The expected result is an exact restatement of the data, free of pictures.

■ **Collected material**:
*-*-*

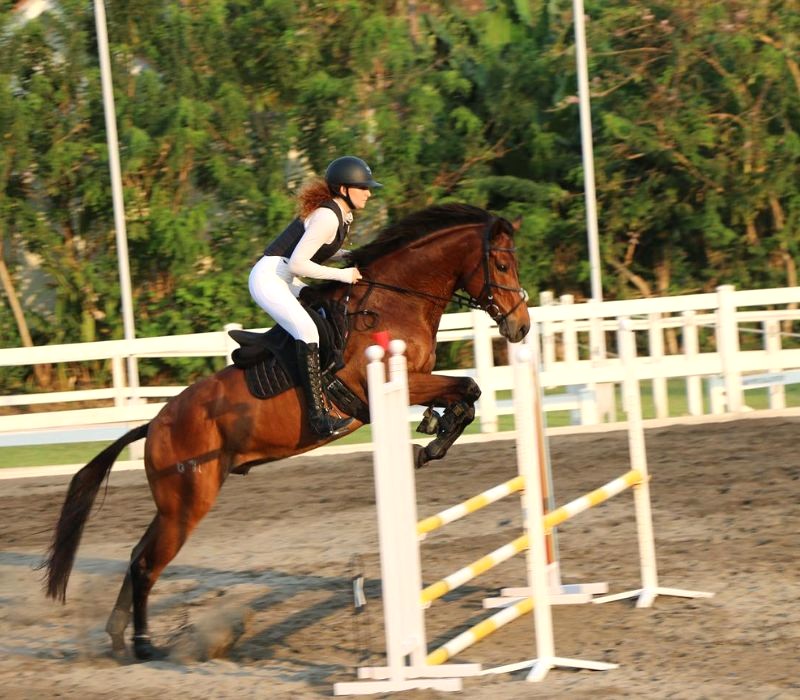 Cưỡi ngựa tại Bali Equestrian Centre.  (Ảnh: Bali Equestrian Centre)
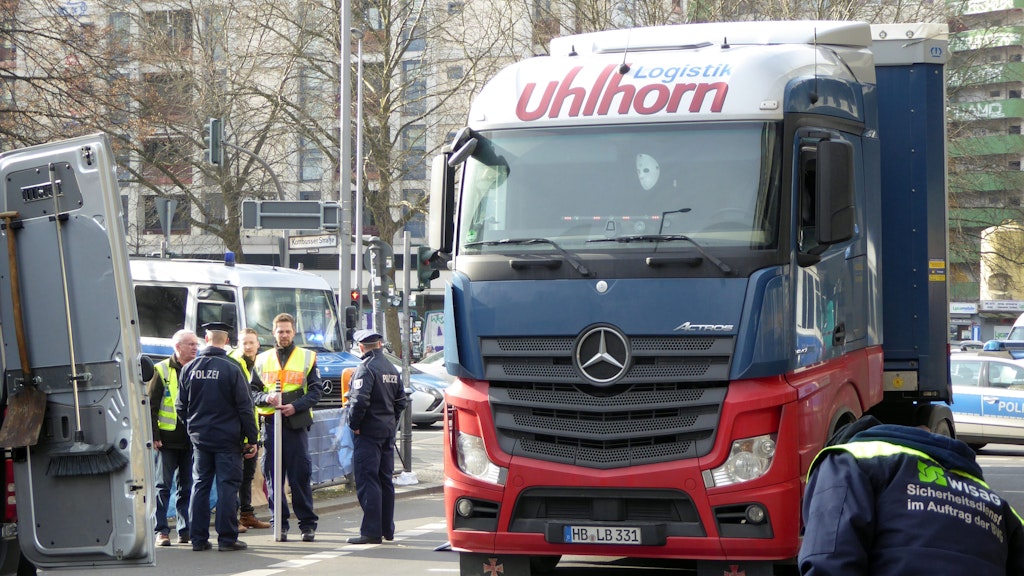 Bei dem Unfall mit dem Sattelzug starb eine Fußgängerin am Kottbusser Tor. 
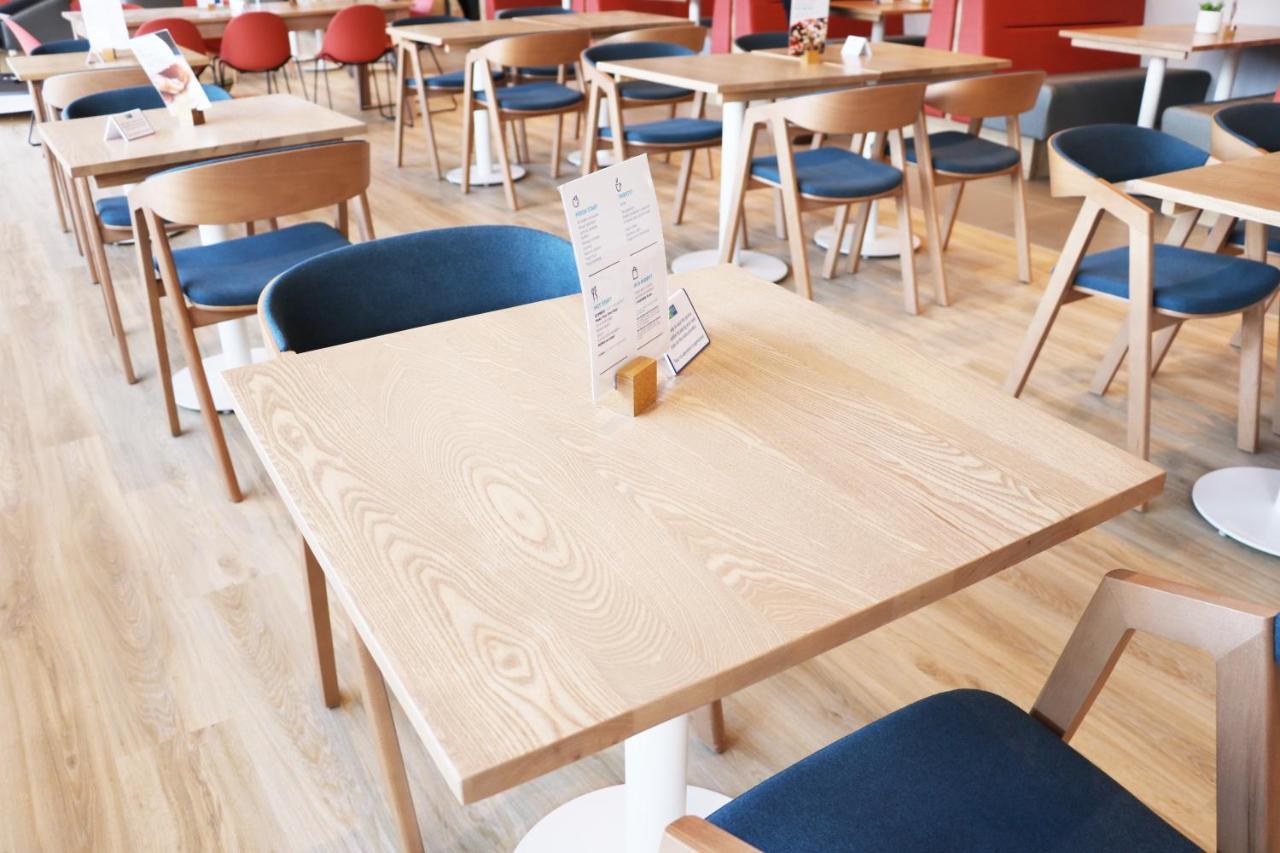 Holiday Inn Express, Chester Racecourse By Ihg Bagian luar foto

*-*-*

■ **Result of the exercise**:
 Cưỡi ngựa tại Bali Equestrian Centre.  (Ảnh: Bali Equestrian Centre)
 Bei dem Unfall mit dem Sattelzug starb eine Fußgängerin am Kottbusser Tor. 
 Holiday Inn Express, Chester Racecourse By Ihg Bagian luar foto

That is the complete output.